Amigo solaris8 gracias por tu respuesta, y pues te cuento.

el ac estaba funcionando, yo mande el auto al taller para ajuste de motor, cuando lo recogi habian cortado monton de cables, conectores y todo eso, la cuestion es me he decidido a hacer nuevas conexiones, porque por ningun lado encuentro los cables.

en el auto esta instalado el compresor, condensador y su ventilador, el filtro deshidratador, el evaporador, el blower que supongo que es el ventilador que va justo antes del evaporador y que airea el interior del auto,los relevadores se los robaron, me tacara comprarlos.

y este modulo que no se donde va conectado, dos cables son del termistor, el cual esta justo entre las aletas del evaporador, supongo al igual que tu que es el control de temperatura.

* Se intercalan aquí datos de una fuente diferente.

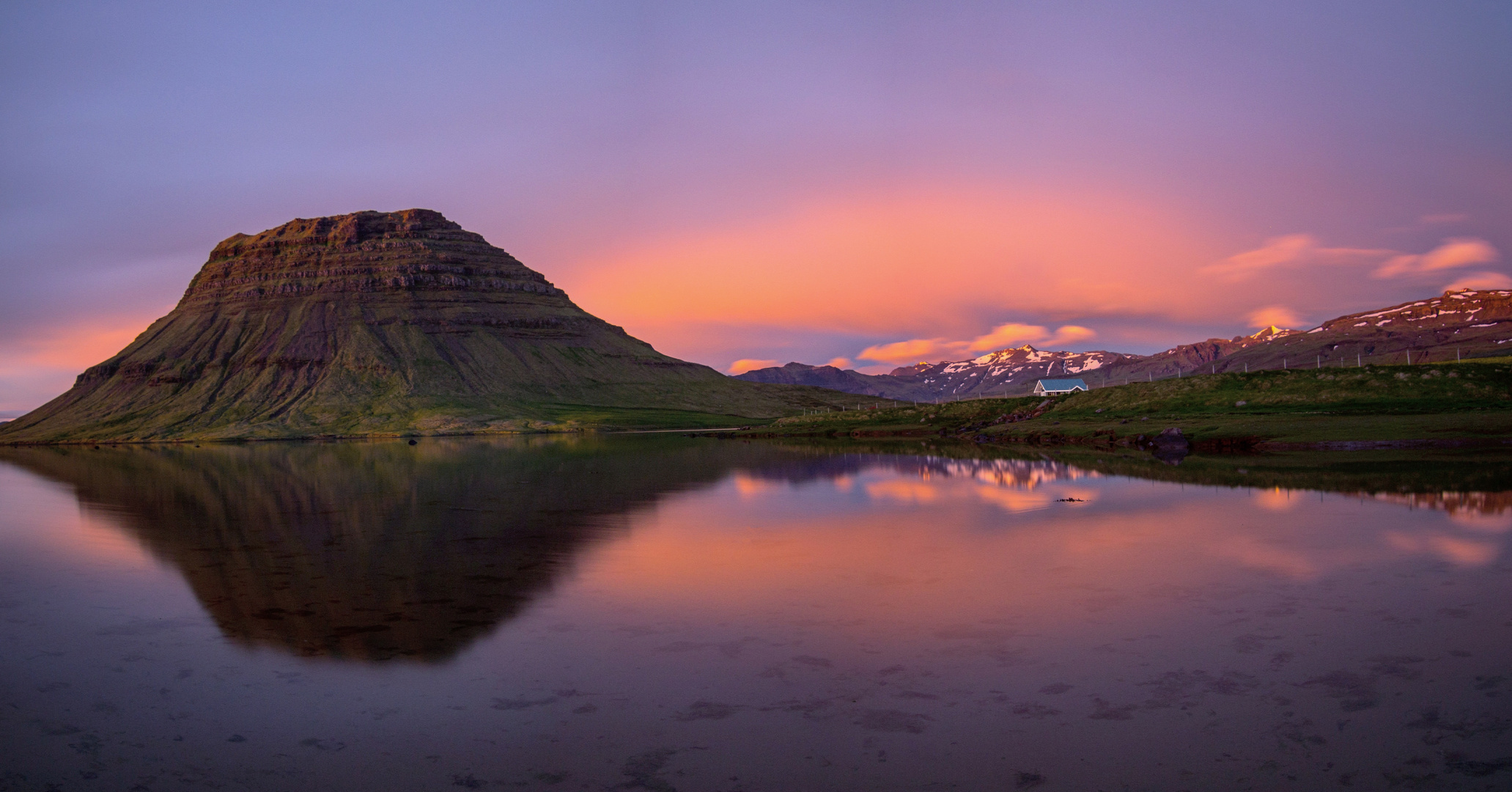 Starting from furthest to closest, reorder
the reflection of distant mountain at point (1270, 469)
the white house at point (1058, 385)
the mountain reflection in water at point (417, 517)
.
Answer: the white house at point (1058, 385)
the reflection of distant mountain at point (1270, 469)
the mountain reflection in water at point (417, 517)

pero me quedan 5 cables sueltos y no se donde van, dos supongo que son de corriente, y quedan tres, y no de que seran.


----------



## John Miller (Feb 15, 2016)

Hola buen día de ese modulo que es un AC Thermal control amplifier, el TCA junto a la sonda  efectivamente va a las aletas del evaporador, este regula cuando el compresor se enciende y se apaga, el IC es un comparador de temperatura.

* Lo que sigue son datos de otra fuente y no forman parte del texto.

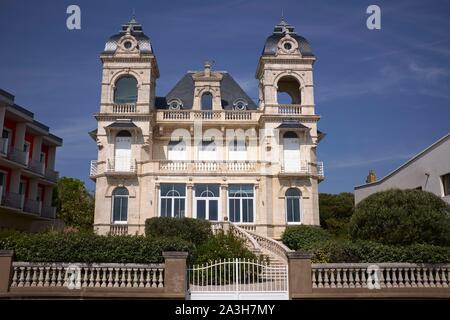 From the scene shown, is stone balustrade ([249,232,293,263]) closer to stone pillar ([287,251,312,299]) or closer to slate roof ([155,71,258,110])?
stone pillar ([287,251,312,299])

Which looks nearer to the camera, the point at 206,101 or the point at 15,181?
the point at 15,181

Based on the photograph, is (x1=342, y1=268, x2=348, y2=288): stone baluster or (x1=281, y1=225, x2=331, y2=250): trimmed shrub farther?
(x1=281, y1=225, x2=331, y2=250): trimmed shrub

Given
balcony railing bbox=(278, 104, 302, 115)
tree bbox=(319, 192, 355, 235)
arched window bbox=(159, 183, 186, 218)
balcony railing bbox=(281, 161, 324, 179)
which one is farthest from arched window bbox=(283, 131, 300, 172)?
tree bbox=(319, 192, 355, 235)

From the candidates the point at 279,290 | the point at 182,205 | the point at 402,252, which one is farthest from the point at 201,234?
the point at 402,252

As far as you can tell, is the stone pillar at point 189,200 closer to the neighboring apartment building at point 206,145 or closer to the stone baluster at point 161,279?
the neighboring apartment building at point 206,145

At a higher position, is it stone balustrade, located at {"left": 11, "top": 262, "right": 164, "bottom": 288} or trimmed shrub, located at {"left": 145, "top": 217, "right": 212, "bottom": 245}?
trimmed shrub, located at {"left": 145, "top": 217, "right": 212, "bottom": 245}

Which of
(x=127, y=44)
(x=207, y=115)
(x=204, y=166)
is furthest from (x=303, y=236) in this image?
(x=127, y=44)

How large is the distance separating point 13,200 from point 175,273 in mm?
22887

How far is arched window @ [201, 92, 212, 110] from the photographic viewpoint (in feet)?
118

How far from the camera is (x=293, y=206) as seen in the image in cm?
3256

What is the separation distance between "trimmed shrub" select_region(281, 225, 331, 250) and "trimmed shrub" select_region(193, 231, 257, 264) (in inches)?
280

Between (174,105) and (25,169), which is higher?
(174,105)

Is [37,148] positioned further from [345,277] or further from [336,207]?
[336,207]

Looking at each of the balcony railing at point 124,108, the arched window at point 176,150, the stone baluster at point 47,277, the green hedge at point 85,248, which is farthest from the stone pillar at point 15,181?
the stone baluster at point 47,277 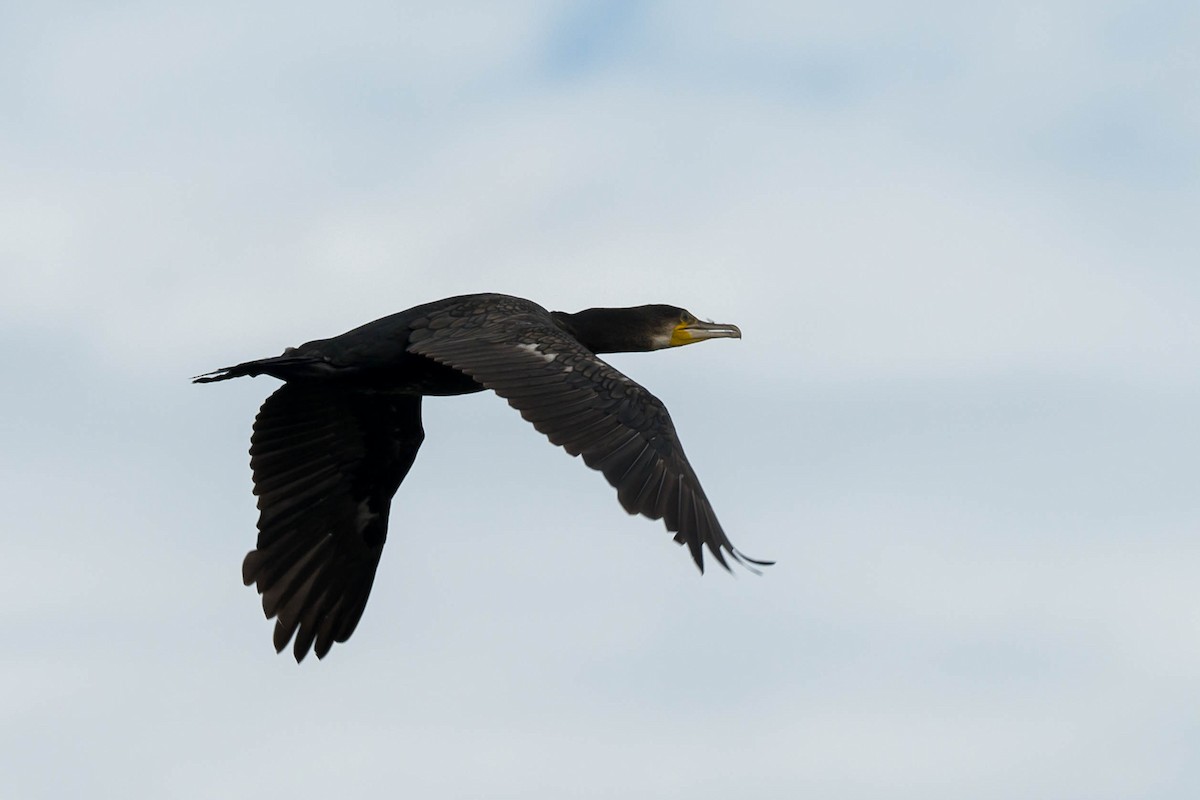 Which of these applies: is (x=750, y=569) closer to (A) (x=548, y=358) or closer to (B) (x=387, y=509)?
(A) (x=548, y=358)

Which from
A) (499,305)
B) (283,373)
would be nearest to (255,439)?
(283,373)

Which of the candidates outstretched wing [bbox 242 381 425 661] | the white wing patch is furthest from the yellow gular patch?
the white wing patch

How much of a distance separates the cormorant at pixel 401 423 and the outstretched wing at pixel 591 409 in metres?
0.01

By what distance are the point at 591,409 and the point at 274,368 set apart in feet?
9.65

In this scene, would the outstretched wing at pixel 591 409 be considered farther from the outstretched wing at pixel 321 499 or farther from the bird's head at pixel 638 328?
the outstretched wing at pixel 321 499

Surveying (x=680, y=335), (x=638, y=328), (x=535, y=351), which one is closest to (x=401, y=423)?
(x=638, y=328)

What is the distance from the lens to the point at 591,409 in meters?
11.8

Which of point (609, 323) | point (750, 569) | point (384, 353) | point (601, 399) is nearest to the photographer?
point (750, 569)

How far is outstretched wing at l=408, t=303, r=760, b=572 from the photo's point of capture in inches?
434

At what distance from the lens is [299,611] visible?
15312mm

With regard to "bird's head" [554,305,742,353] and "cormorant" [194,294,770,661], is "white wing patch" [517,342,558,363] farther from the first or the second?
"bird's head" [554,305,742,353]

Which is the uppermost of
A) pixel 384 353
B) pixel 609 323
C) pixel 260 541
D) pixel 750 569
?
pixel 609 323

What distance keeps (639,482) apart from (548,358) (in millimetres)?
1629

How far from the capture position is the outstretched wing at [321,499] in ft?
50.1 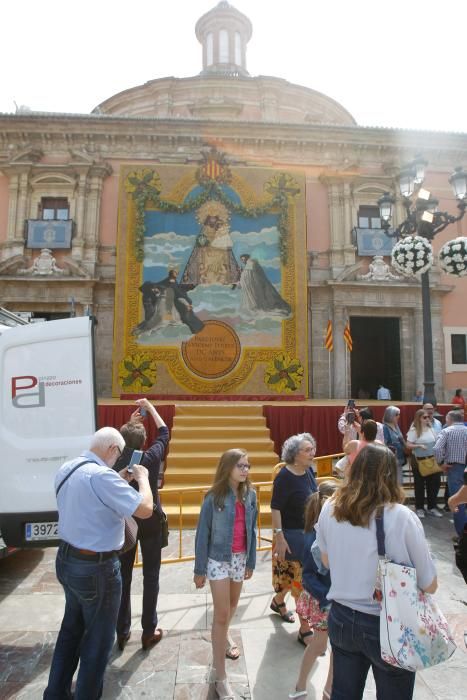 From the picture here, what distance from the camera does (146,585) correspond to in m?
3.75

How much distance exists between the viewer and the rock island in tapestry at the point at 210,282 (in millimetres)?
14797

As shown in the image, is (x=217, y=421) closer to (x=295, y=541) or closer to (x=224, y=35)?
(x=295, y=541)

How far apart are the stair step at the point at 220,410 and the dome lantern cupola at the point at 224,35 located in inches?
993

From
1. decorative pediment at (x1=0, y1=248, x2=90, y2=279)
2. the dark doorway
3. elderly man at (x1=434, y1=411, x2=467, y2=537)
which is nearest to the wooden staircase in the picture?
elderly man at (x1=434, y1=411, x2=467, y2=537)

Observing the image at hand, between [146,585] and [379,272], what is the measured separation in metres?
16.4

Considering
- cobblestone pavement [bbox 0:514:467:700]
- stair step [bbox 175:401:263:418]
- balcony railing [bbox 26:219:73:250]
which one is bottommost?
cobblestone pavement [bbox 0:514:467:700]

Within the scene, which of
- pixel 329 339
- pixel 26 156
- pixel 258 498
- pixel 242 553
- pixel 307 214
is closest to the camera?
pixel 242 553

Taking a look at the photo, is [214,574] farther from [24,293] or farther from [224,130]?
→ [224,130]

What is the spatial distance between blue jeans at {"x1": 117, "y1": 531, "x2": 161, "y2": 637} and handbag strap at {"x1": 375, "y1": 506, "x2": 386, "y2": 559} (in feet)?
7.58

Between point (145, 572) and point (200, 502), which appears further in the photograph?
point (200, 502)

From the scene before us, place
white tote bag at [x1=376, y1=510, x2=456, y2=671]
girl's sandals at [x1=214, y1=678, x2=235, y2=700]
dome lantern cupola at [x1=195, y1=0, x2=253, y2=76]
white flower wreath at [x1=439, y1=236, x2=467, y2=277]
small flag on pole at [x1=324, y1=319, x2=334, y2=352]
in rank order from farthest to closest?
dome lantern cupola at [x1=195, y1=0, x2=253, y2=76] → small flag on pole at [x1=324, y1=319, x2=334, y2=352] → white flower wreath at [x1=439, y1=236, x2=467, y2=277] → girl's sandals at [x1=214, y1=678, x2=235, y2=700] → white tote bag at [x1=376, y1=510, x2=456, y2=671]

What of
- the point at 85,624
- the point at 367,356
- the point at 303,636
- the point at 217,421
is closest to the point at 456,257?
the point at 217,421

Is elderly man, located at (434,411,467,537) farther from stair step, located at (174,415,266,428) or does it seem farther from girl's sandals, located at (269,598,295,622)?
stair step, located at (174,415,266,428)

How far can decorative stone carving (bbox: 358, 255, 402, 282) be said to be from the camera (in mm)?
17875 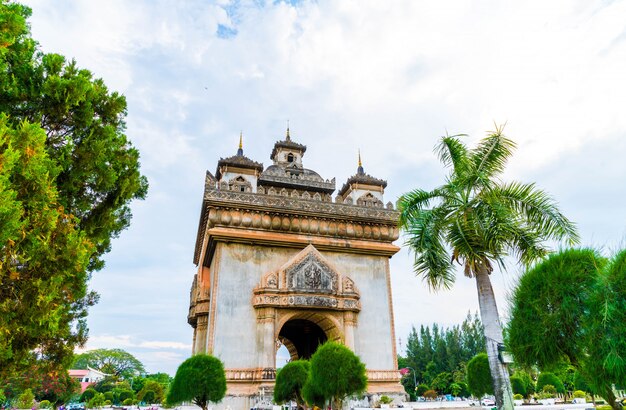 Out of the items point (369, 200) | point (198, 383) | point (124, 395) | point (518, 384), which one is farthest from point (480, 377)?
point (124, 395)

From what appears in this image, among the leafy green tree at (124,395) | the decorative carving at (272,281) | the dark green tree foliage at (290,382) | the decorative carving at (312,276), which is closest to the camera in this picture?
the dark green tree foliage at (290,382)

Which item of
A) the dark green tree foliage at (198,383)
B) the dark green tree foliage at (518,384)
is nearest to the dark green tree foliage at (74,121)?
the dark green tree foliage at (198,383)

Tu pcb que hiciste esta un poco confuso, si pudieras tomarle una buena foto al módulo o hicieras un poco mejor el pcb te podriamos ayudar a identificarlos.

Creo que serian asi:

Un cable para el (+)

Dos cables (GND)

Dos cables para la sonda Termistor.

Uno para la salida de comparación de temperatura del modulo, para controlar el Fan junto con un indicador luminoso o de audio.

Uno para la entrada de comparación de Temperatura que actua junto con el Termistor.

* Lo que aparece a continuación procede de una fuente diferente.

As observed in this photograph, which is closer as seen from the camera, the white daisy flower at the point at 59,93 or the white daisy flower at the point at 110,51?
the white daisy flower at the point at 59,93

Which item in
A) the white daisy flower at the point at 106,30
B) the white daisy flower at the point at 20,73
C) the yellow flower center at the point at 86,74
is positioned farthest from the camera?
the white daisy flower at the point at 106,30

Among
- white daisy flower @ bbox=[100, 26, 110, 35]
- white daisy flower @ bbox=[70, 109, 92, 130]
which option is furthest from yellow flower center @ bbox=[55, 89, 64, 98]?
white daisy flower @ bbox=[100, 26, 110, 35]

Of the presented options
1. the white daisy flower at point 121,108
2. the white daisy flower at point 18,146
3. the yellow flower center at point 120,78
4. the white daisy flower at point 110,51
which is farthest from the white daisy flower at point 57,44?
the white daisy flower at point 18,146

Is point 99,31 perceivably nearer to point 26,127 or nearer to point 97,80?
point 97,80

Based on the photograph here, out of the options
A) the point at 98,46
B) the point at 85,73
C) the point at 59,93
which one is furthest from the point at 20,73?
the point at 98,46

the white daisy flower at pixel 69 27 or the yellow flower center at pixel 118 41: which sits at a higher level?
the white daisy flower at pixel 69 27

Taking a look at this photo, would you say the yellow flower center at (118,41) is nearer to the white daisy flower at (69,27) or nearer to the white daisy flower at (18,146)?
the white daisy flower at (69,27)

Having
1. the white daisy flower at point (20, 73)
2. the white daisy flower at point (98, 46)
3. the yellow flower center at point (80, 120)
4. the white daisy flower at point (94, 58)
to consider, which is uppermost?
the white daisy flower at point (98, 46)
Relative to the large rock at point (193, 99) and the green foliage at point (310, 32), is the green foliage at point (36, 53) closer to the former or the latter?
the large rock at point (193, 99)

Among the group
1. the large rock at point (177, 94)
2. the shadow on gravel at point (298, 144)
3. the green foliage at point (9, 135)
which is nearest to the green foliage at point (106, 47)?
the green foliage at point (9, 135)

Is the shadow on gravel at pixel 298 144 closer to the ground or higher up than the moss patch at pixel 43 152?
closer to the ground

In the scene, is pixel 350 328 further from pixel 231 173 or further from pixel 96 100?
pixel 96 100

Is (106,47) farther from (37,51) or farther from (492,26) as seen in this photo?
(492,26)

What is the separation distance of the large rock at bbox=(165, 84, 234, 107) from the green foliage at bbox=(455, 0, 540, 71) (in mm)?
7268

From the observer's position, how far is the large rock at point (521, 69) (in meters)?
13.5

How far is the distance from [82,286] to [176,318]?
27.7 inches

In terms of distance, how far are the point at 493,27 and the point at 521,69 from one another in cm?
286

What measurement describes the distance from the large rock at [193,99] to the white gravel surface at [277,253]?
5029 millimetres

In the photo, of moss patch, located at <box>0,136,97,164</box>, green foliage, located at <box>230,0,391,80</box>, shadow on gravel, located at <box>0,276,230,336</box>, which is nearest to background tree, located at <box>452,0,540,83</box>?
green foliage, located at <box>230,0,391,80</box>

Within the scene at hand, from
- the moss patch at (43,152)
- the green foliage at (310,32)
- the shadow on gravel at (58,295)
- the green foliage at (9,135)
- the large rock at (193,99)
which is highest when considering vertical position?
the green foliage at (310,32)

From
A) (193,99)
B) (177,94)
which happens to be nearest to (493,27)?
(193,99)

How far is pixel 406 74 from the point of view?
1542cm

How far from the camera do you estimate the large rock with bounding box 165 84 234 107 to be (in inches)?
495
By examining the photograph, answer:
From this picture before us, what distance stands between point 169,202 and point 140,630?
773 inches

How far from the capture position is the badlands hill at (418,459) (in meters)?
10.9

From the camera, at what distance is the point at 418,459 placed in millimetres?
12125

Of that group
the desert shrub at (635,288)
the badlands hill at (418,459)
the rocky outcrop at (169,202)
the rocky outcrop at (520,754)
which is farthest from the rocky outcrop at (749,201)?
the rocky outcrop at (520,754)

El 1AZ334K se lee 1AZ33 y es un Diodo Zener http://pdf.datasheetcatalog.net/datasheets/185/139900_DS.pdf


Lo unico que vi fue un video a lo mejor puedas buscar mejor información en ingles como el siguiente nombre:

AC Thermo Control Amplifier






MK.


----------



## solaris8 (Feb 15, 2016)

> el blower que supongo que es el ventilador que va justo antes del evaporador y que airea el interior del auto,



si efectivamente
.





> los relevadores se los robaron, me tacara comprarlos



en este caso, creo que no te va a quedar de otra....
este es el diagrama que creo se ajusta a tu problema







tambien esta el plan B, hacer un control de temperatura, te dejo un ejemplo pero en el foro abundan ....





https://www.forosdeelectronica.com/search.php?searchid=1211984


----------